In geek circles, Alan Rickman is known for two particular things: his marvelous run as Severus Snape in the Harry Potter movies and for the long-suffering and pompous Alexander Dane in Galaxy Quest. In pop culture he will always be Hans Gruber in Die Hard or the cheating Harry in Love Actually. The marvelous thing about the late Rickman was that he could be all things and always, always deliver the goods.
Take Kevin Smith’s Dogma. In retrospect, it’s a real mess of a movie. The third act it just collapses in on itself. But whenever Metatron, the Voice of God, is on screen sparks fly. Rickman takes that part and infuses it with such life, such vibrance that you can’t take your eyes off him. It is not the only movie he steals from the principals. He practically made a career of it.

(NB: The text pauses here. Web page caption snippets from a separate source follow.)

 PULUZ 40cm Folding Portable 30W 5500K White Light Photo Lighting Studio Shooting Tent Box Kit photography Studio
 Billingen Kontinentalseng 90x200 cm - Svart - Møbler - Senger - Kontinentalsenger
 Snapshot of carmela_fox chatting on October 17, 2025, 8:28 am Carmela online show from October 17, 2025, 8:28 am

In Galaxy Quest, a movie that does not collapse at all and bears repeated viewings without problem, Rickman’s Dane has a journey that outstrips the rest of the characters. Dane is utterly disgusted at his career. He began with theatrical brilliance and now has stagnated into staggering from SF cons to commercial endorsements. Worst of all, he has to hear fans repeat his catchphrase: “By Grabthar’s hammer, by the suns of Warvan, you shall be avenged!”. There is a scene early on in the movie where the non-lead actors are opening a shopping mall and Dane has to say, “By Grabthar’s hammer, what saving.” Rickman, known for his theatrical pauses, takes a long one between hammer and what, bringing up a heroic amount of self-loathing that is just brilliant for an adventure comedy. In a great piece of writing, in the third act of the movie an alien who regards Dane as his mentor, dies in Dane’s arms. Now Rickman repeats the catchphrase as a blood-curdling vow and it’s one of the movies best “Fuck yeah!” moments.

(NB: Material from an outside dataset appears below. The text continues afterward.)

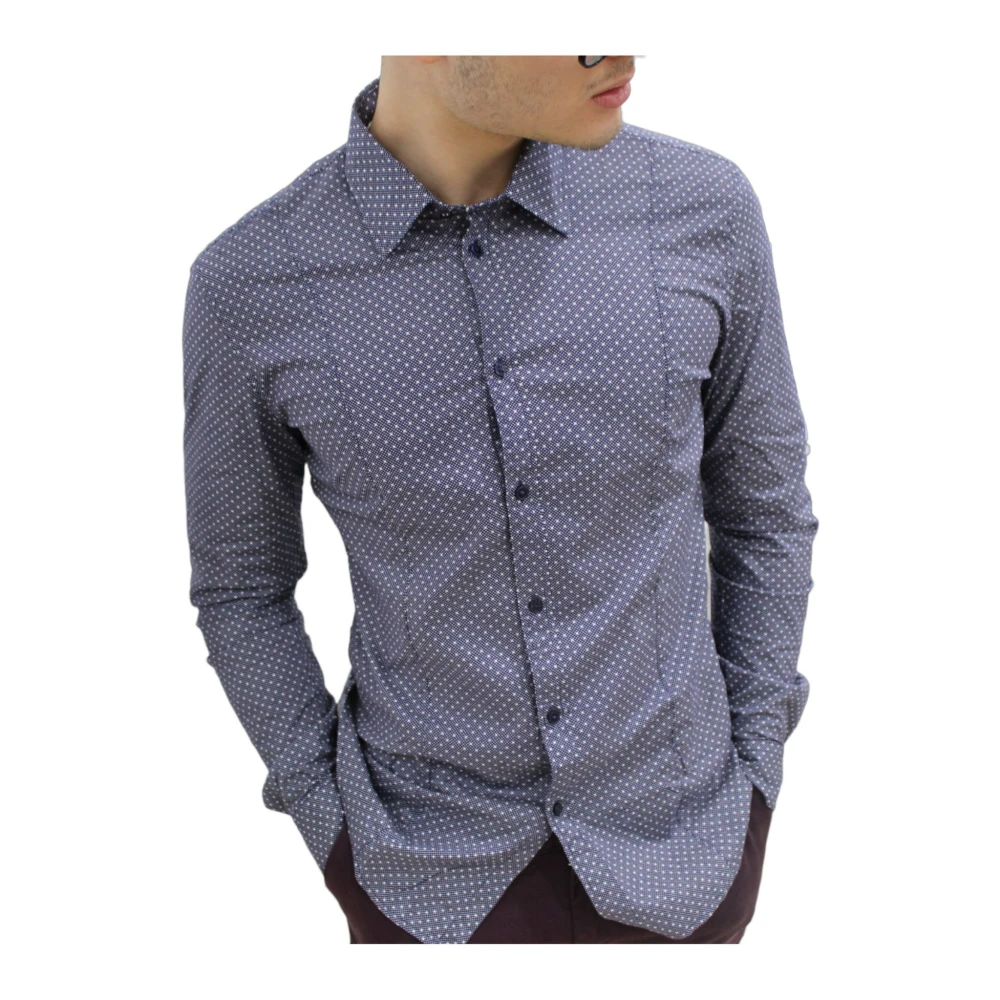 Gaudi Lange Mouw Shirt Blue Heren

It you really want to appreciate what Rickman could do, watch the British rom-com Truly Madly Deeply. If you haven’t seen it, I’ll avoid explaining it. Just watch it because it is so unlike what Americans would do with such a daft and wonderful concept. It doesn’t hurt that it’s written and directed by Anthony Minghella but there’s a musical scene early on in the movie that is so joyful, so full of life you’ll watch it again and again.

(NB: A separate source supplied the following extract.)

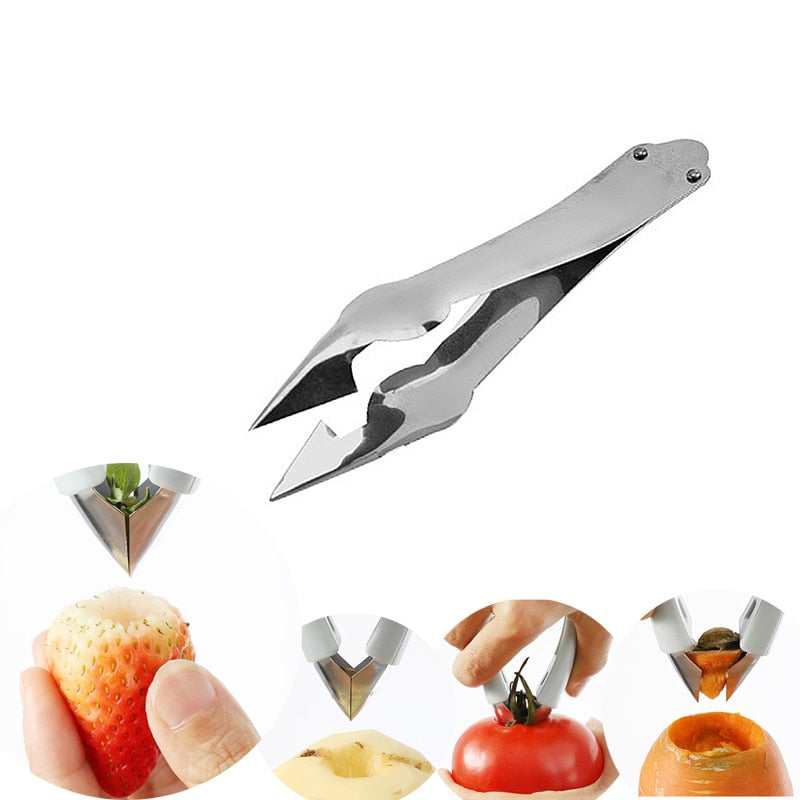 Stainless Steel Strawberry Huller Fruit Peeler Pineapple Corer Slicer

That’s the thing with Rickman. His range was so vast. That voice, it’s cadence, that’s always unmistakable. But the characters are so different, always empowered by that voice but all so different, so full, and just so real.
It might be a while before me and my wife can watch an Alan Rickman film. His movies have been a big part of our life for a very long time. For a very long time we swore we were the only ones that had ever seen and loved Truly Madly Deeply. Of course we were wrong. It’s long been a favorite of movie fans that demand just a little more heart and brains in their films. But if you haven’t seen it, seek it out now. And if you have, watch it again when the grief at Rickman’s passing is not so near and sharp. Because we will always have the comfort that his work will live on.